Give back the whole listing exactly as written, pictures excluded.

▸ Dataset extract
++++++
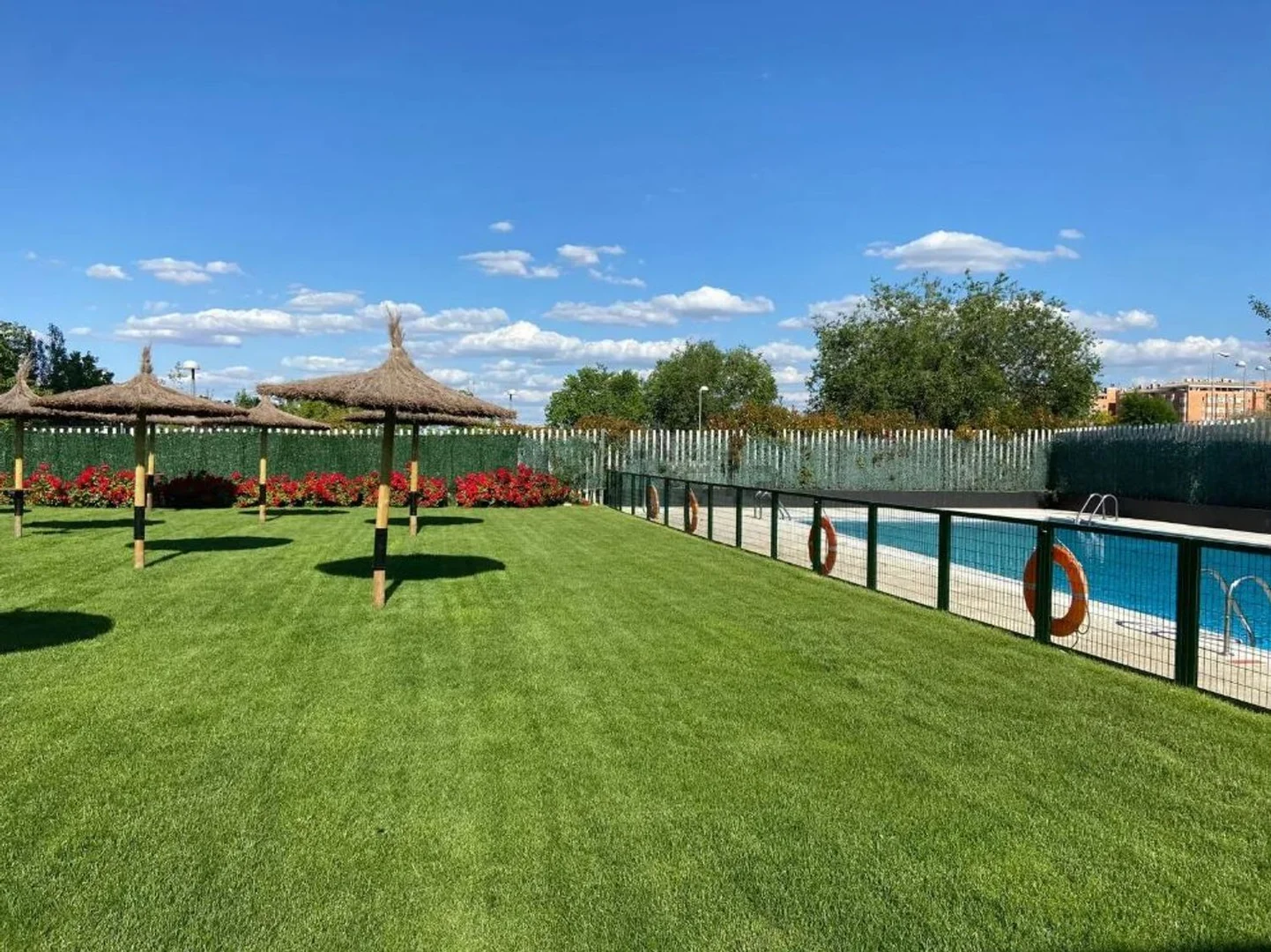 Piso en calle de Dulce Chacón, 23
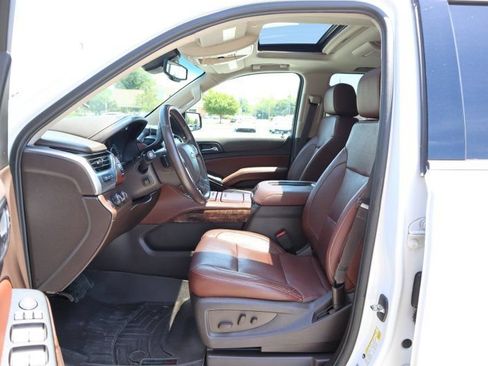 Used 2016 Chevrolet Suburban LTZ AWD/4WD image 9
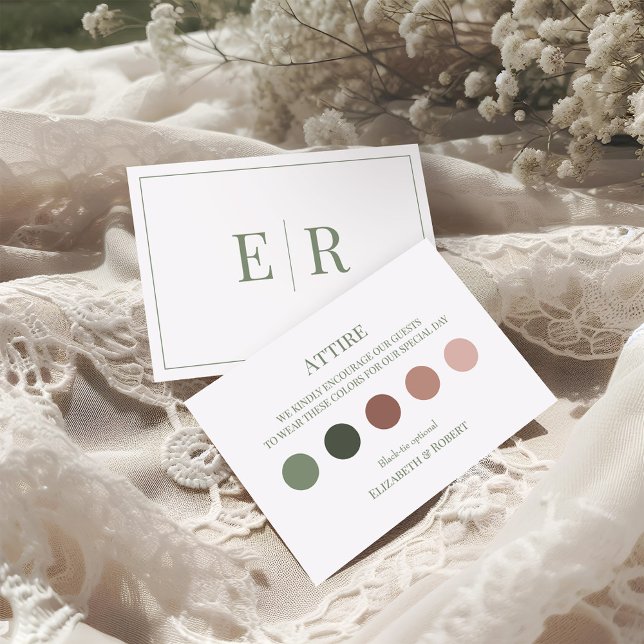 Carte de code vestimentaire du Mariage vert olive (Olive Green Wedding Attire Guest Dress Code Card on a boho wedding table.)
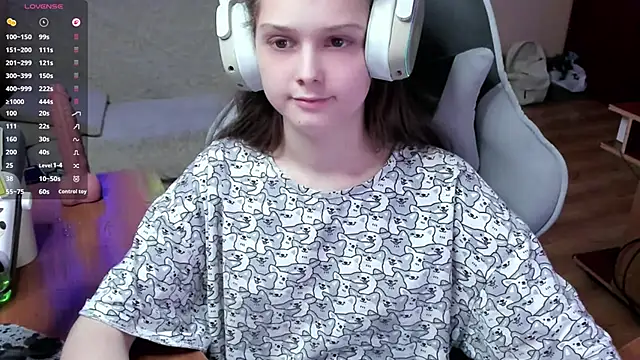 Snapshot of SharybbFace chatting on 02-09-26, 03:05 SharybbFace online show from 02-09-26, 03:05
++++++
▸ Solved exercise
 Piso en calle de Dulce Chacón, 23
 Used 2016 Chevrolet Suburban LTZ AWD/4WD image 9
 Carte de code vestimentaire du Mariage vert olive (Olive Green Wedding Attire Guest Dress Code Card on a boho wedding table.)
 Snapshot of SharybbFace chatting on 02-09-26, 03:05 SharybbFace online show from 02-09-26, 03:05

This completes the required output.